Execution set in Tuscaloosa County slaying
By Phillip Rawls
Associated Press Writer
MONTGOMERY — The Alabama Supreme Court has set an Aug. 23 execution date for Luther Jerome Williams, who was sent to death row for a 1988 killing in Tuscaloosa County and is the second inmate scheduled to die this summer at Holman Prison in Atmore.
In an order Monday, the state's highest court granted a request by the state attorney general's office to schedule the execution of Williams because he has been through three rounds of appeals of his conviction.
The last death row inmate executed in Alabama was Aaron Lee Jones on May 3 for the 1978 slaying of a Blount County couple.
Darrell Grayson, who is on death row for the 1980 rape and killing of an elderly woman in her Montevallo home, is scheduled for execution July 26.
Grayson had asked U.S. District Judge Keith Watkins to delay the execution so Grayson's lawyers can pursue a challenge of Alabama's lethal injection procedures.
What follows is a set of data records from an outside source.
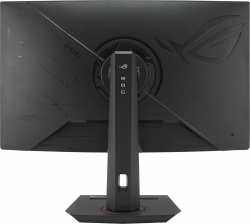 Монітор Asus 31.5&quot; ROG Strix XG32WCMS HDMI, DP, USB-C, Audio, VA, 2560x1440, 280Hz, 1ms, sRGB 125%, CURVED, AdaptiveSync, HAS, HDR400 90LM09X0-B01970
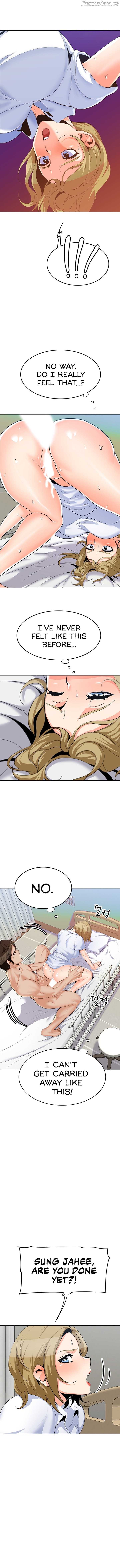 Oppa, Not There Chapter 17 - page 6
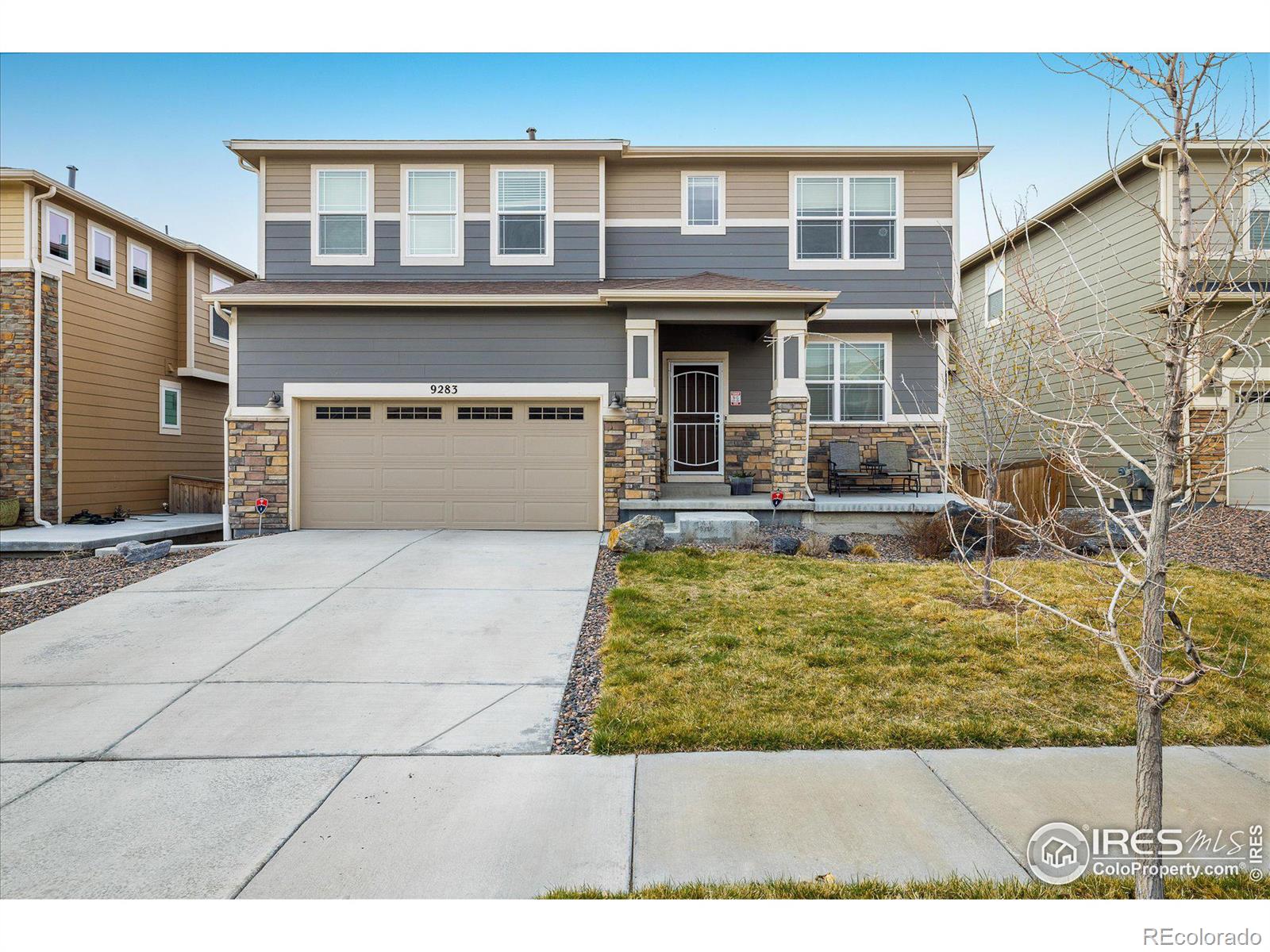 MLS Image #0 for 9283  sedalia street,commerce city, Colorado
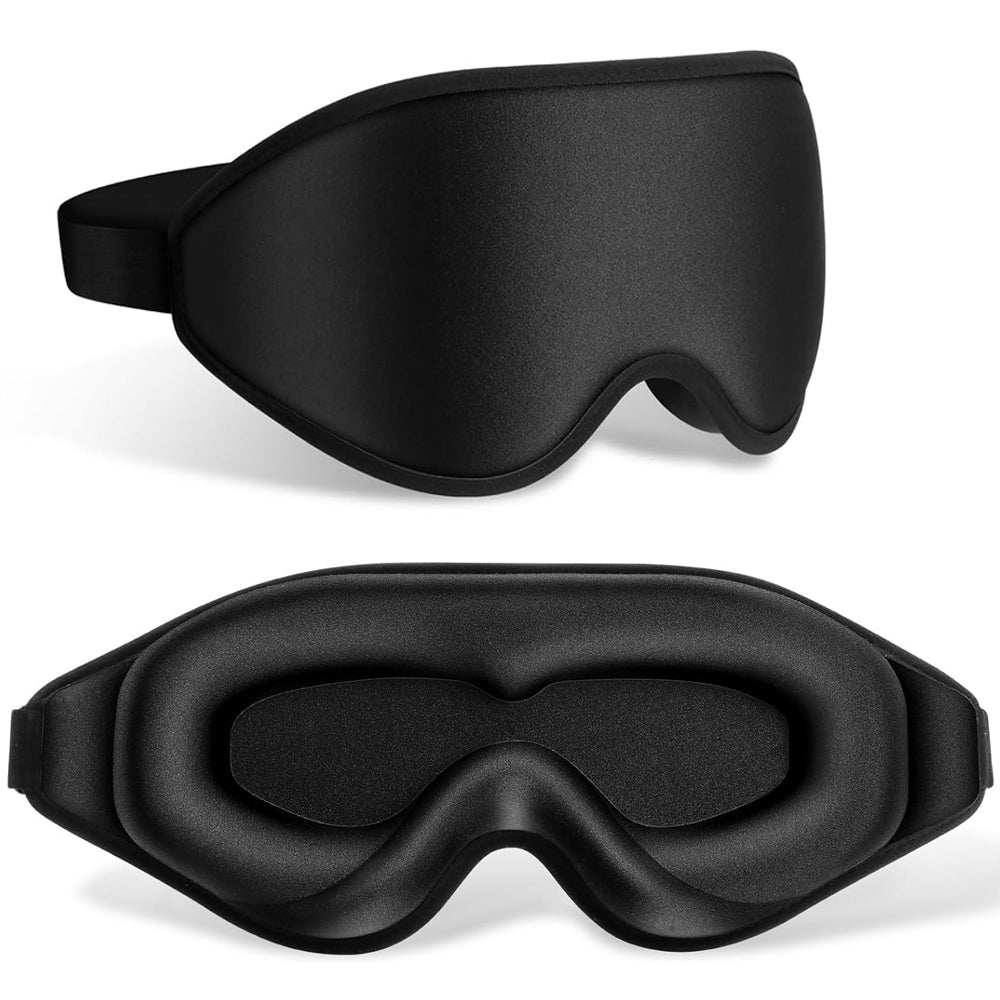 3D-slaapmasker voor de ogen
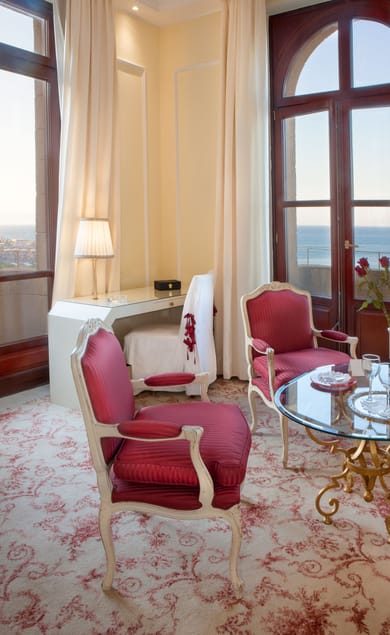 Grand Suite Sea View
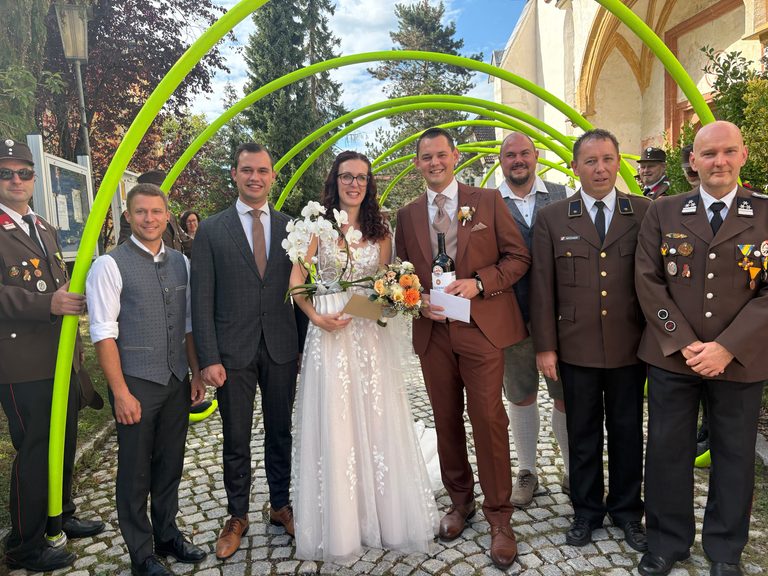 Hochzeit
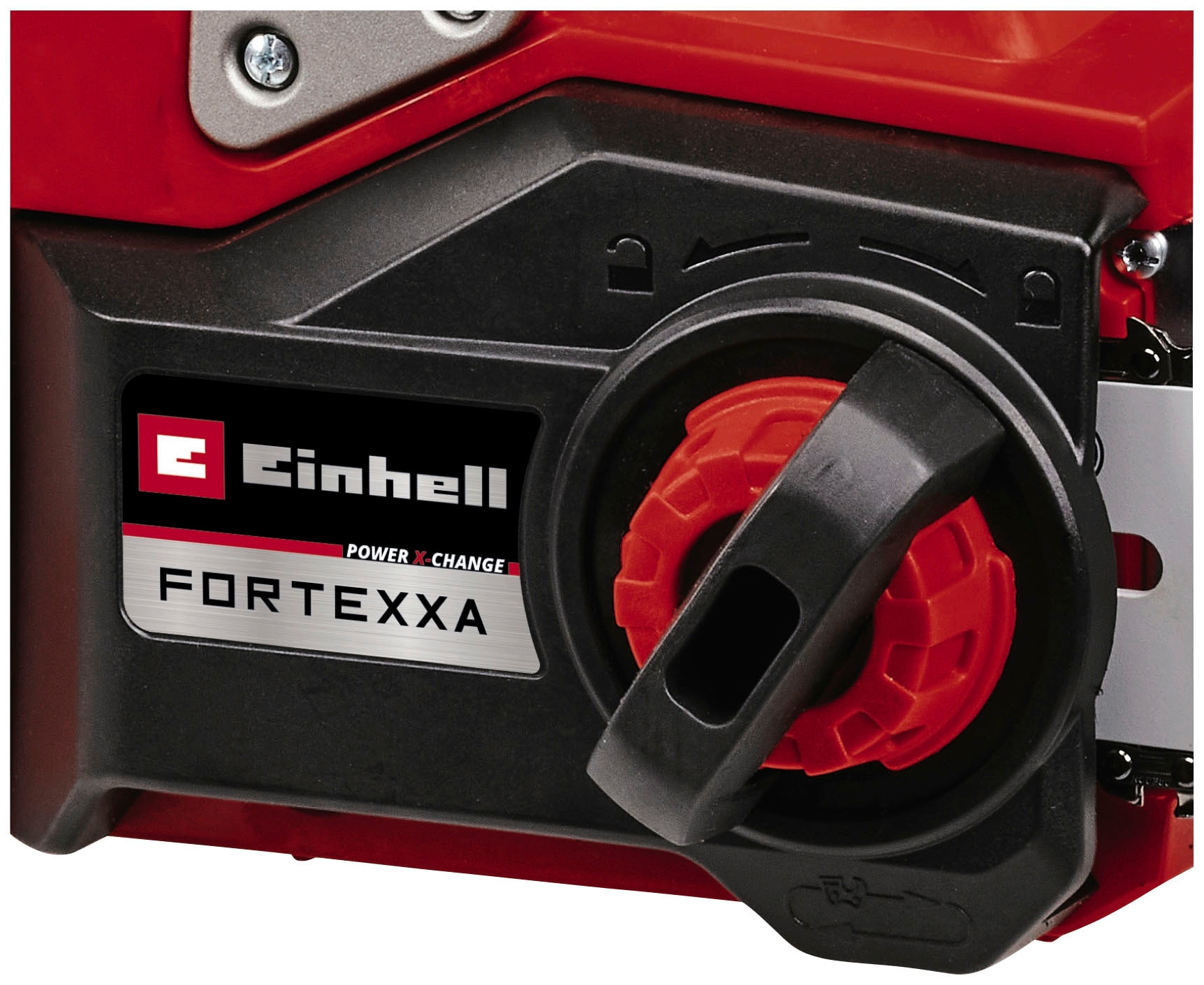 Einhell Akku-Kettensäge »Einhell Power X-Change Akku-Kettensäge FORTEXXA 18/30 (1x 4,0Ah)«, (Set, 6 tlg.), Akku und Ladegerät im Lieferumfang enthalten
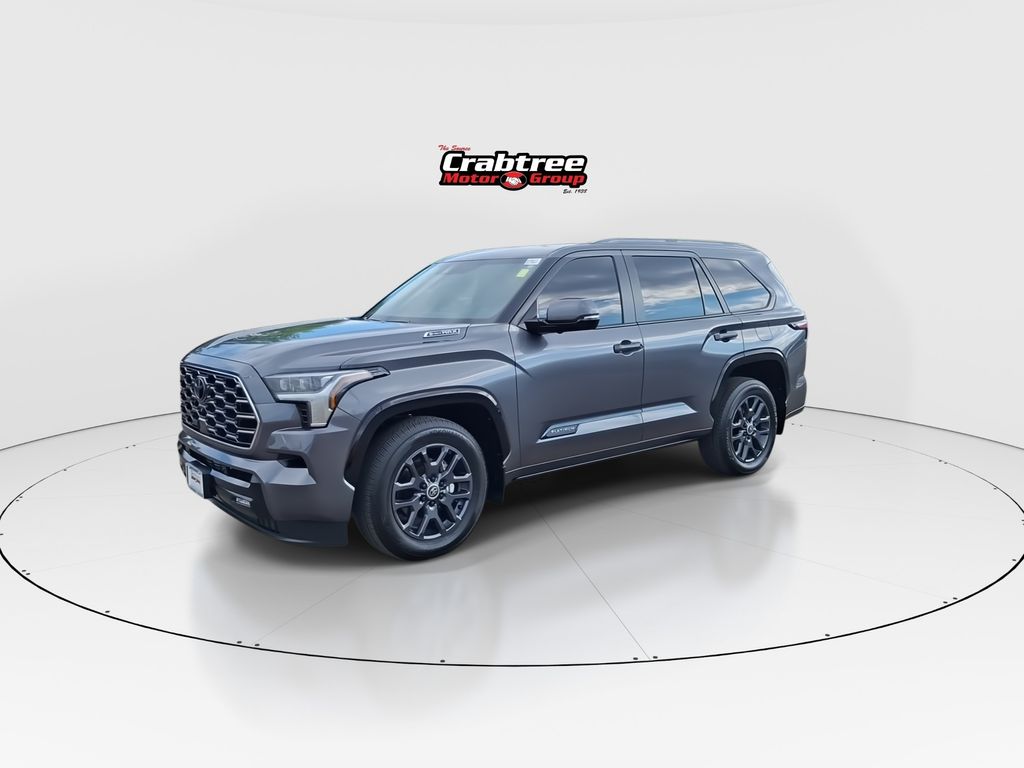 Used 2024 Toyota Sequoia SUV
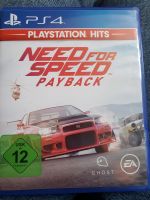 Need for Speed PS4 spiel Nordrhein-Westfalen - Krefeld Vorschau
But the judge, who had indicated a hearing might be held June 26 on the challenge, rejected the delay and the challenge in an order Thursday.
Grayson's attorney, Stephen Bright of the Southern Center for Human Rights in Atlanta, said Monday he will appeal to the 11th U.S. Circuit Court of Appeals and then to the U.S. Supreme Court, if necessary.
In Williams' case, court papers filed by the attorney general's office say he stole a car from a motel parking lot in Birmingham on Jan. 22, 1988. The car had a .22-caliber pistol in the trunk. The next morning, John Robert Kirk was on his way home from work when he stopped his pickup on the side of Interstate 59 near the West Blocton exit in Tuscaloosa County.
Williams and two other men stopped to rob Kirk. Williams led Kirk into a nearby wooded area and shot him "execution style" in the head with the stolen .22-caliber pistol, and then the trio took Kirk's money and truck, leaving Kirk's body in the woods.
Williams' attorneys, Christopher Little of Providence, R.I., and Joel Sogol, did not immediately return telephone messages seeking comment.
Williams filed a legal challenge of Alabama's lethal injection procedure in April, claiming it can cause "excruciating pain" if the first drug, sodium pentothal, does not depress the central nervous system before the inmate receives pancuronium bromide to paralyze the diaphragm and potassium chloride to stop the heart.
In a court filing, Assistant Attorney General Clay Crenshaw described Williams' case as a "cookie cutter pleading" like Grayson's and said it should be dismissed because Williams has already been on a "19-year odyssey through the state and federal court system where his sentence and conviction were affirmed at every turn."
U.S. District Judge Mark Fuller is considering the request to dismiss.